Kabid Humas Polda Jambi Kombes Pol. Erlan Munaji menegaskan bahwa keputusan ini merupakan bentuk komitmen institusi dalam menindak tegas setiap pelanggaran yang dilakukan anggotanya. Sidang etik yang berlangsung selama dua hari itu menyatakan kelima personel melakukan perbuatan tercela dan melanggar kode etik profesi Polri.
Dasar Hukum dan Pasal yang Dikenakan
Pelanggaran yang dilakukan kelima personel dijerat dengan Pasal 13 ayat (1) Peraturan Pemerintah Nomor 1 Tahun 2003 tentang Pemberhentian Anggota Polri. Regulasi ini digandengkan dengan Peraturan Polri Nomor 7 Tahun 2022 tentang Kode Etik Profesi dan Komisi Kode Etik Polri.
"Polda Jambi berkomitmen menangani setiap dugaan pelanggaran anggota secara profesional, objektif, transparan, dan sesuai dengan ketentuan peraturan perundang-undangan serta aturan internal Polri. Tidak ada toleransi terhadap setiap bentuk pelanggaran," kata Erlan di Jambi, Sabtu.

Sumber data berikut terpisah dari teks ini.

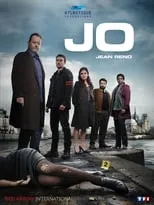 Póster de Jo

Kronologi Penemuan Brigadir EWS
Peristiwa tragis ini bermula ketika Brigadir EWS ditemukan meninggal dunia di sebuah rumah kos di Desa Talang Babat, Kecamatan Muara Sabak Barat, Kabupaten Tanjung Jabung Timur, pada Sabtu (18/7). Korban diketahui bersama sejumlah rekannya sebelum akhirnya ditemukan tak bernyawa.
Dari hasil pemeriksaan awal, ditemukan sejumlah luka pada tubuh korban. Polda Jambi kemudian mengambil alih penyelidikan dan melakukan autopsi untuk mengungkap penyebab pasti kematian Brigadir EWS.

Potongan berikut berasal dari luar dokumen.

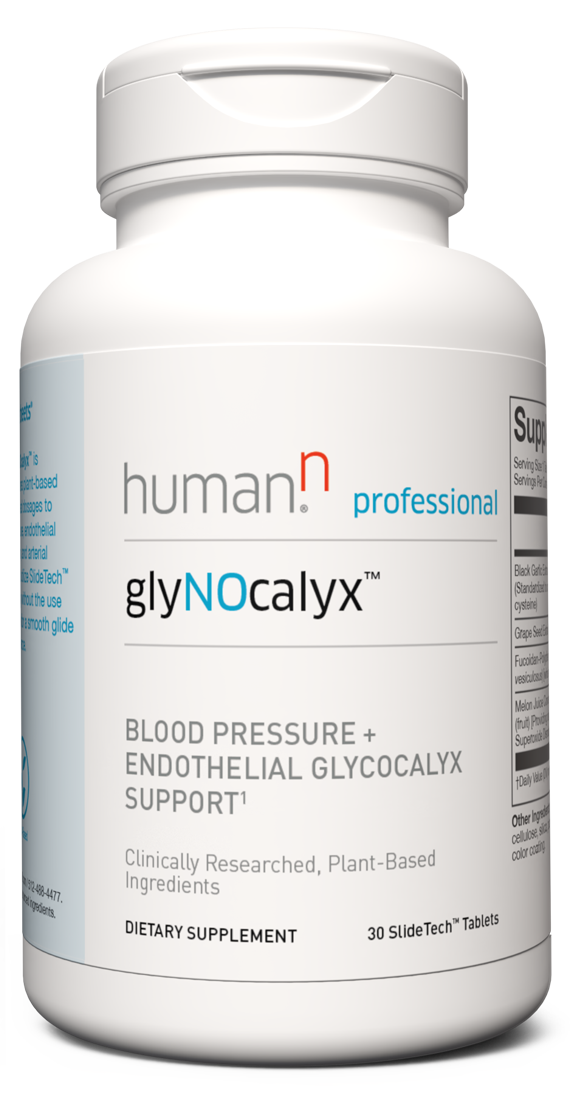 glyNOcalyx 30 Tablets – Nutritional Council®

Komitmen Penegakan Hukum dan Etik
Erlan menambahkan bahwa penegakan kode etik ini merupakan langkah penting untuk menjaga profesionalisme dan kepercayaan masyarakat terhadap institusi Polri. Pihaknya akan terus bertindak tegas terhadap personel yang terbukti melakukan pelanggaran, baik melalui mekanisme disiplin, kode etik, maupun proses pidana.
"Polda Jambi akan bertindak tegas terhadap personel yang melakukan pelanggaran, baik melalui proses disiplin, kode etik, maupun pidana. Kami juga mengajak masyarakat untuk menghormati proses hukum yang sedang berjalan," ujarnya.
Dengan dijatuhkannya sanksi PTDH ini, kelima personel tersebut resmi berhenti dari dinas kepolisian. Sementara itu, proses hukum pidana terhadap mereka dan warga sipil berinisial B masih terus berjalan untuk mempertanggungjawabkan perbuatannya di pengadilan.